EXTRACTED ENTRIES:
····················

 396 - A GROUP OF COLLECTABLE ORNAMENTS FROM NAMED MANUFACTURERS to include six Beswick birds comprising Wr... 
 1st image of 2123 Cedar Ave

····················

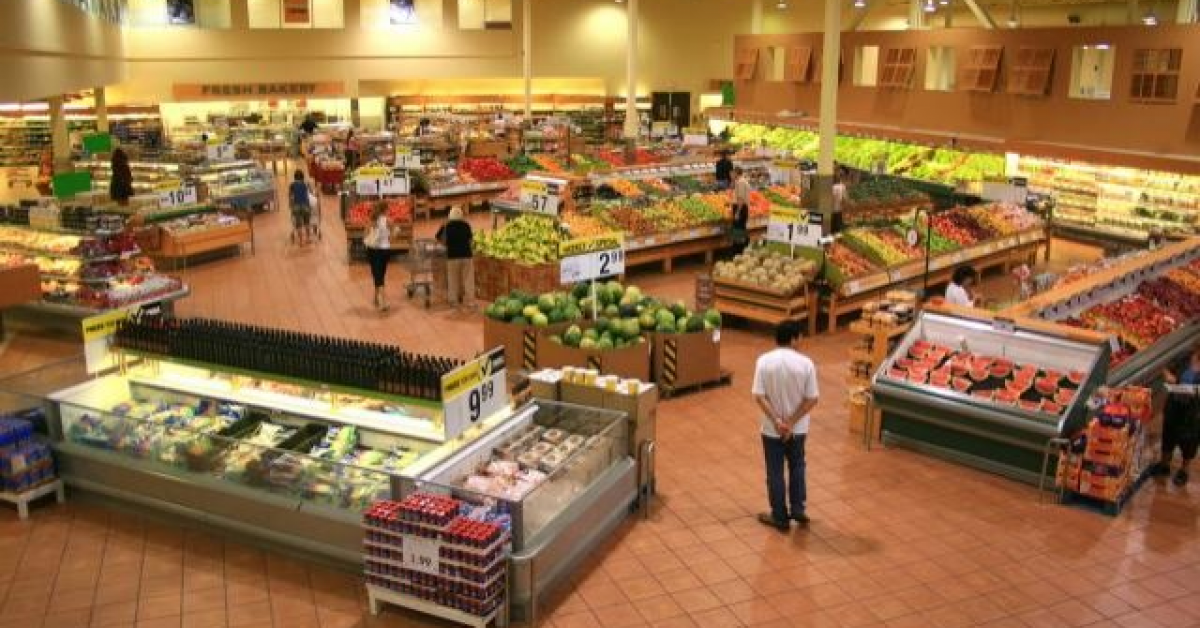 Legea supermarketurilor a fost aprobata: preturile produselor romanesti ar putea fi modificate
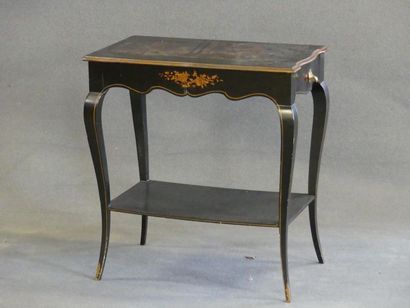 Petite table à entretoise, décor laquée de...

····················

From the data above, output exactly the lines between the one containing "396 - A GROUP" and the one containing "1st image of 2123 Cedar Ave", counting both of them.

OUTPUT FOR THIS EXERCISE:
 396 - A GROUP OF COLLECTABLE ORNAMENTS FROM NAMED MANUFACTURERS to include six Beswick birds comprising Wr... 
 1st image of 2123 Cedar Ave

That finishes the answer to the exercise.